[Problem requirements]
Take the lines from the beginning of the data below through the line holding "Vòng trầm hương rừng 14mm. 16mm" and return exactly those.
(Beginning of Exercise data)
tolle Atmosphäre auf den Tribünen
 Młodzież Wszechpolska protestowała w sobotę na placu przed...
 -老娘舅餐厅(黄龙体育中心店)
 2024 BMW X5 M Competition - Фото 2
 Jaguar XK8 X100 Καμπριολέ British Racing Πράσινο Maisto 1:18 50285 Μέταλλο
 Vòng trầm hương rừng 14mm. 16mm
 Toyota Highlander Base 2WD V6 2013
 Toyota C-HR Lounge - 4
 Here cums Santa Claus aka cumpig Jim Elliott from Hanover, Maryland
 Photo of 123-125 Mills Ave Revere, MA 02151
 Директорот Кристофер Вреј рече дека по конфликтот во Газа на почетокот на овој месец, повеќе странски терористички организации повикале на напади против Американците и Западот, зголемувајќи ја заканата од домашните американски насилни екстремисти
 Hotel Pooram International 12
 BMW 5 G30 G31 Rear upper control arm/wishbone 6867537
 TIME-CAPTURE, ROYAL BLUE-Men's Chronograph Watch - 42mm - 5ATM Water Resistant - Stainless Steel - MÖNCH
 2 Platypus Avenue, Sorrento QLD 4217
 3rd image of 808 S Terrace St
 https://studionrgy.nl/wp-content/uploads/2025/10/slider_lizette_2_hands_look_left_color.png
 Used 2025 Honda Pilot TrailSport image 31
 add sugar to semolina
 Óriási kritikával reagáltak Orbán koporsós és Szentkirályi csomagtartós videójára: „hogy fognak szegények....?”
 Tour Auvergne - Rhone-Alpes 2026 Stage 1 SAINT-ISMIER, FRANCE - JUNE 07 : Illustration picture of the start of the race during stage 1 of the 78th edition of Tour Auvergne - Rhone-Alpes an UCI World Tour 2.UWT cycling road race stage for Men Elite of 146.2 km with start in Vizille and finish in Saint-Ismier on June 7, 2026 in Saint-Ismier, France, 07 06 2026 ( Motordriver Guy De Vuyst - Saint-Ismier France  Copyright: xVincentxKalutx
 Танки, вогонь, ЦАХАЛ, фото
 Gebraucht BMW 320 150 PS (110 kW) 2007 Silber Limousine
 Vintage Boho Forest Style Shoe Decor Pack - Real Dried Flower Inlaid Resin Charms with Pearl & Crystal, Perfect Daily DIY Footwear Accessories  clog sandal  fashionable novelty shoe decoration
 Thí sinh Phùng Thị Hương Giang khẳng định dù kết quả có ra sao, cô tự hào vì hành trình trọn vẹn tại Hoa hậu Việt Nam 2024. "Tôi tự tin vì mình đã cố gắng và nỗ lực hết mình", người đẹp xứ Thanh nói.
(End of Exercise data)
[Solution for this problem]
tolle Atmosphäre auf den Tribünen
 Młodzież Wszechpolska protestowała w sobotę na placu przed...
 -老娘舅餐厅(黄龙体育中心店)
 2024 BMW X5 M Competition - Фото 2
 Jaguar XK8 X100 Καμπριολέ British Racing Πράσινο Maisto 1:18 50285 Μέταλλο
 Vòng trầm hương rừng 14mm. 16mm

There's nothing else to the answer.